Daily Dose Of Jazz…

Leonard Geoffrey Feather was born on September 13, 1914 in London, England and learned to play the piano and clarinet without formal training and started writing about jazz and film by his late teens. At age of twenty-one, Feather made his first visit to the United States and after working in the U.K. and the U.S. as a record producer finally settled in New York City in 1939, where he lived until moving to Los Angeles, California in 1960.

His compositions have been widely recorded, including “Evil Gal Blues” and “Blowtop Blues” by Dinah Washington, and what is possibly his biggest hit, “How Blue Can You Get?” by blues artists Louis Jordan and B. B. King, and some of his own recordings as a bandleader are still available. But it was as a journalist, critic, historian, and campaigner that he made his biggest mark as one of the most widely read and most influential writer on jazz, and having written the liner notes for hundreds of jazz albums.

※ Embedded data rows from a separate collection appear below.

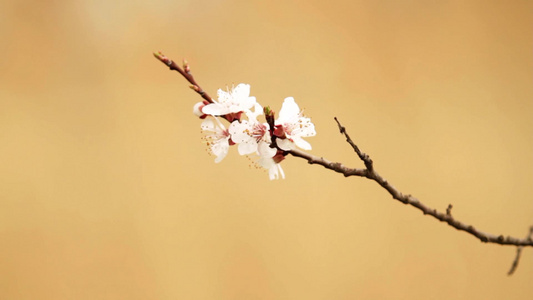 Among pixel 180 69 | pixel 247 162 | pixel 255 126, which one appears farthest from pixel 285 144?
pixel 247 162

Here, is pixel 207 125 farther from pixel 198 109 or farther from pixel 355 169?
pixel 355 169

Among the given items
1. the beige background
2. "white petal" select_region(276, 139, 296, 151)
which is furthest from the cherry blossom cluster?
the beige background

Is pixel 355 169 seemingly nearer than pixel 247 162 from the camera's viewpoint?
Yes

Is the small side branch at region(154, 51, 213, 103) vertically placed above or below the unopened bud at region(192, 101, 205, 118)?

Leonard wrote the lyrics to the Benny Golson jazz composition “Whisper Not” which was then recorded by Ella Fitzgerald on her 1966 Verve release of the same name. He was co-editor of the Metronome Magazine and served as the chief jazz critic for the Los Angeles Times until his death on September 22, 1994 in Sherman Oaks, California at age eighty.

He leaves a legacy of a talented daughter, vocalist Lorraine Feather, a couple of dozen albums and several books such as The Encyclopedia Yearbook of Jazz in the Sixties, Inside Jazz and From Satchmo to Miles among others.